- [YOUR TASK]:
Among the entries below, only the lines from the one with "Bob Dylan - I" through the one with "Santiago Abascal en" are to be retyped, exactly and without pictures.
--- EXERCISE INPUT ---
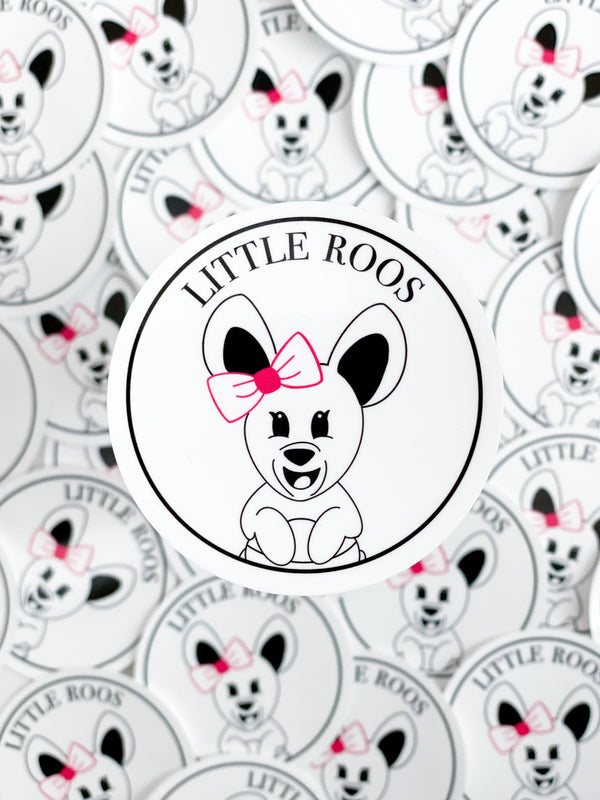 Little Roos 3” Vinyl Sticker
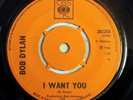 Bob Dylan - I Want You / Live B Side - 1966 - UK - 7
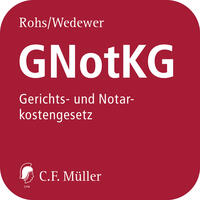 Vorderes Coverbild GNotKG online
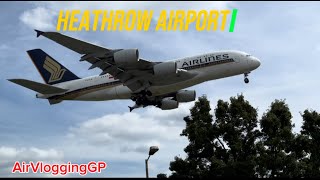 Surprised visit London Heathrow Airport Plane Arrivals ✈️AirVloggingGP [upl. by Enenaj]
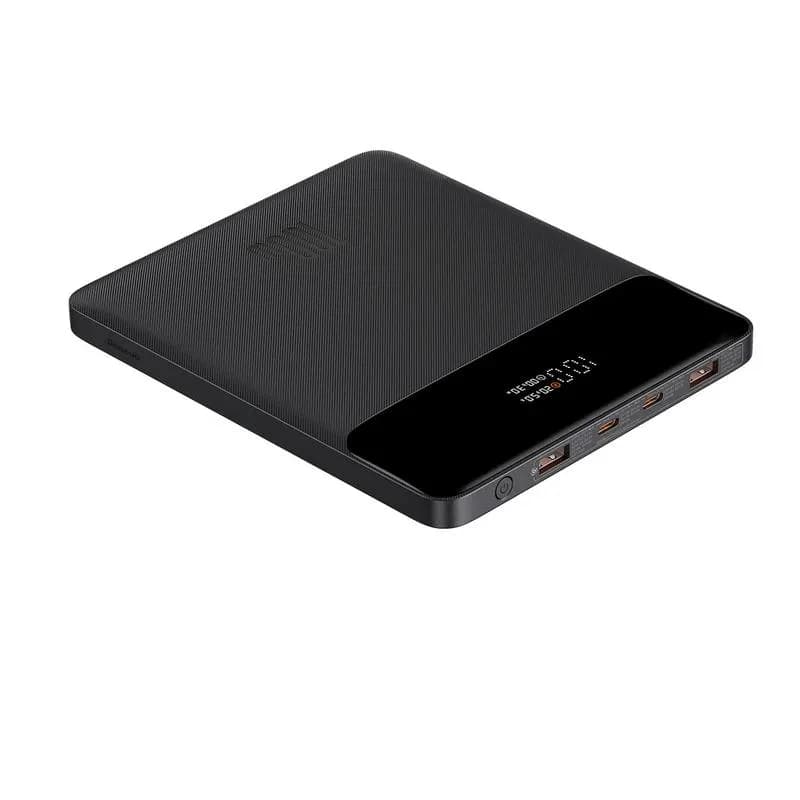 POWER BANK Baseus Blade, 20000mAh, PD 100W, ultra thin, 2 x USB; 2 x USB Type-C, display digital pt. status baterie, total 5A, negru, "PPBL000301" - 6932172628031 — miniatură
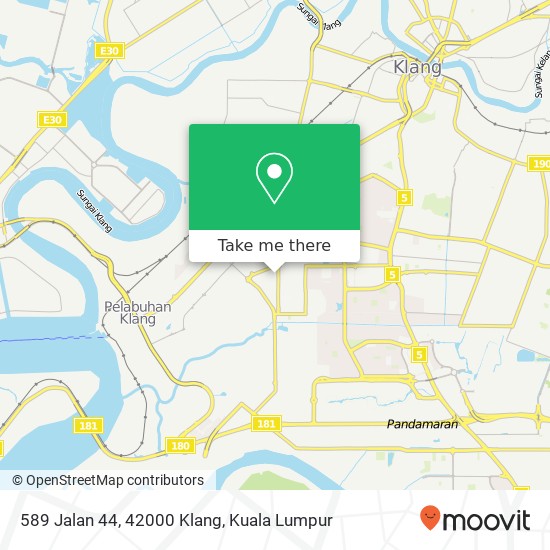 589 Jalan 44, 42000 Klang map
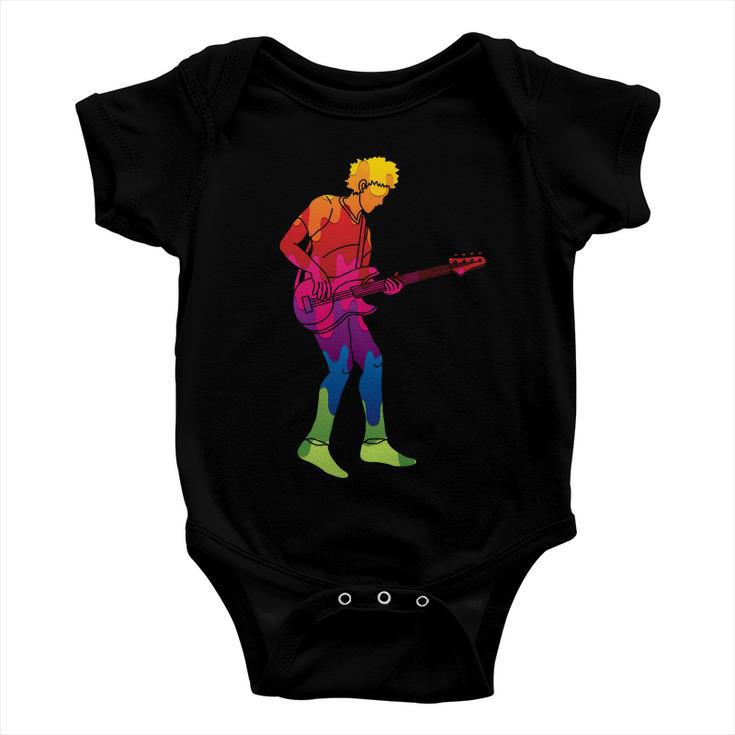 Cool Colorful Music Guitar Guy Baby Onesie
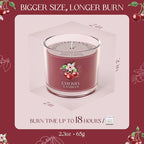 Cherry Candle, Scented Candles Gifts for Women, Candles Gift Set for Her, 3 Scented Votive Candles, Birthday Gifts for Women/Men (Red, 7 oz)
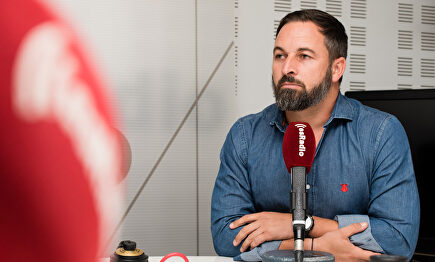 Santiago Abascal en una entrevista en esRadio | David Alonso Rincón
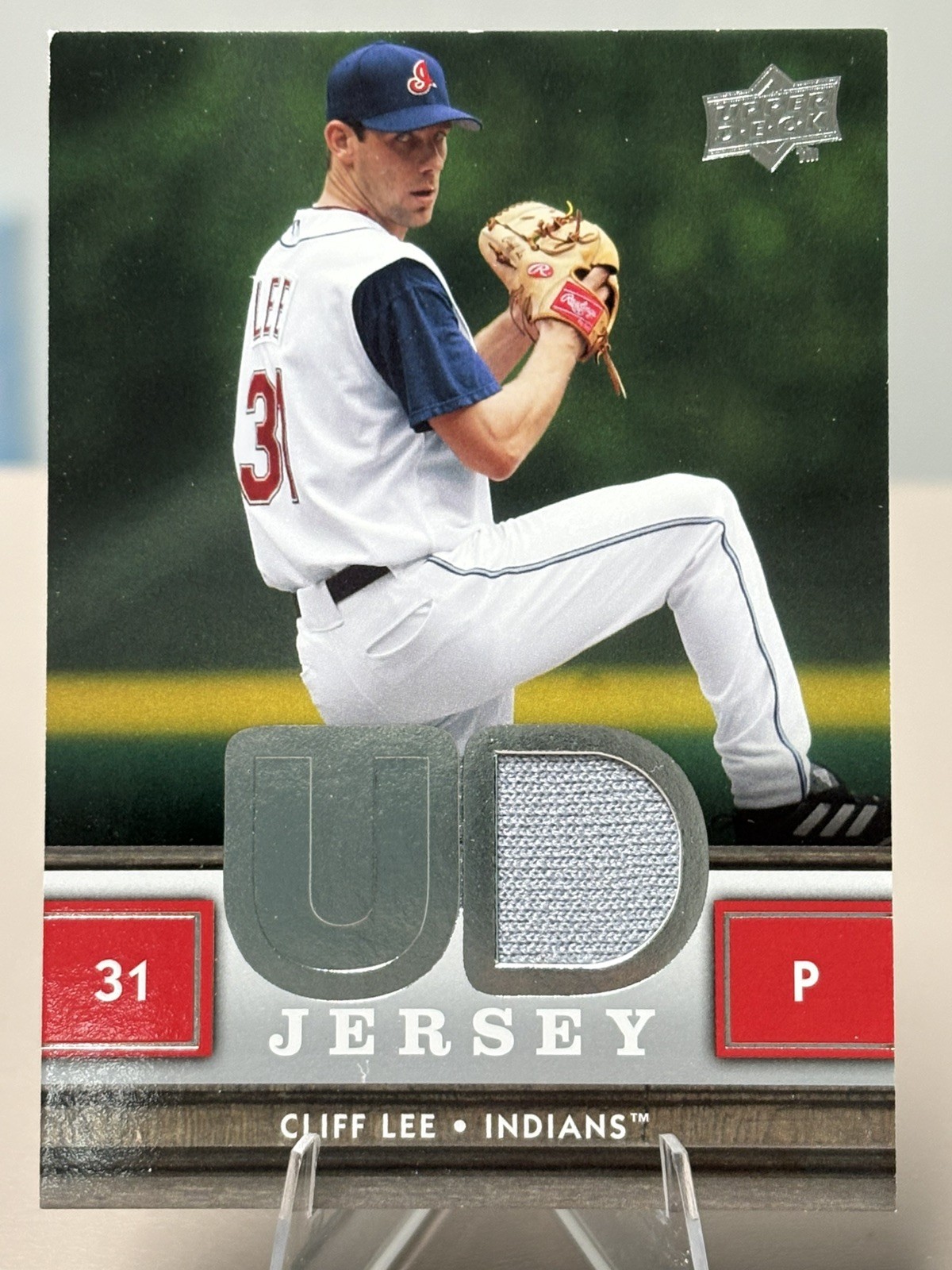2008 Upper Deck UD Jersey Cliff Lee Game Used Jersey Relic #UDJ-CL Indians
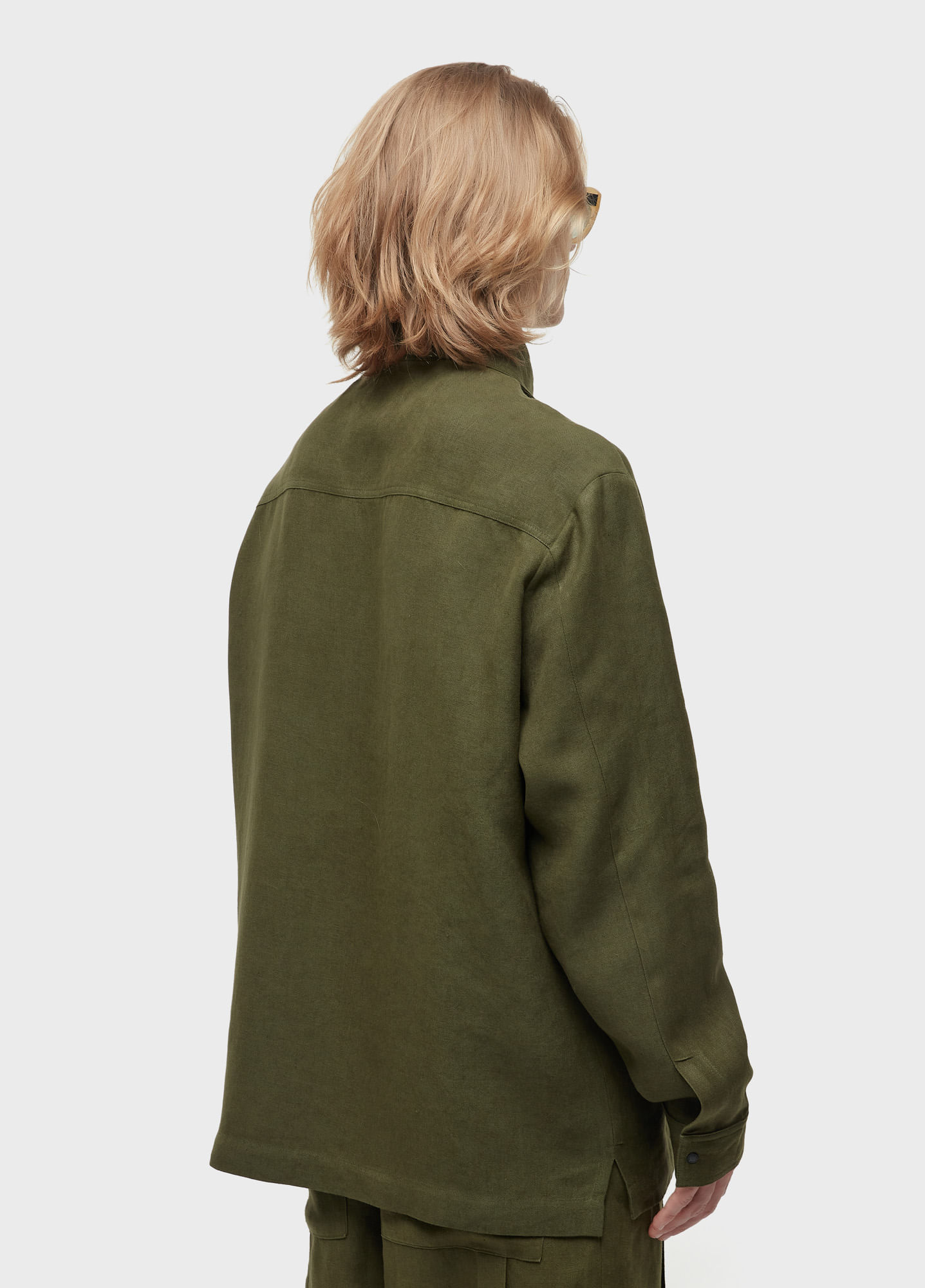 Overshirt linen tacks jazz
---
- [EXERCISE OUTPUT]:
 Bob Dylan - I Want You / Live B Side - 1966 - UK - 7
 Vorderes Coverbild GNotKG online
 Surprised visit London Heathrow Airport Plane Arrivals ✈️AirVloggingGP [upl. by Enenaj]
 POWER BANK Baseus Blade, 20000mAh, PD 100W, ultra thin, 2 x USB; 2 x USB Type-C, display digital pt. status baterie, total 5A, negru, "PPBL000301" - 6932172628031 — miniatură
 589 Jalan 44, 42000 Klang map
 Cool Colorful Music Guitar Guy Baby Onesie
 Cherry Candle, Scented Candles Gifts for Women, Candles Gift Set for Her, 3 Scented Votive Candles, Birthday Gifts for Women/Men (Red, 7 oz)
 Santiago Abascal en una entrevista en esRadio | David Alonso Rincón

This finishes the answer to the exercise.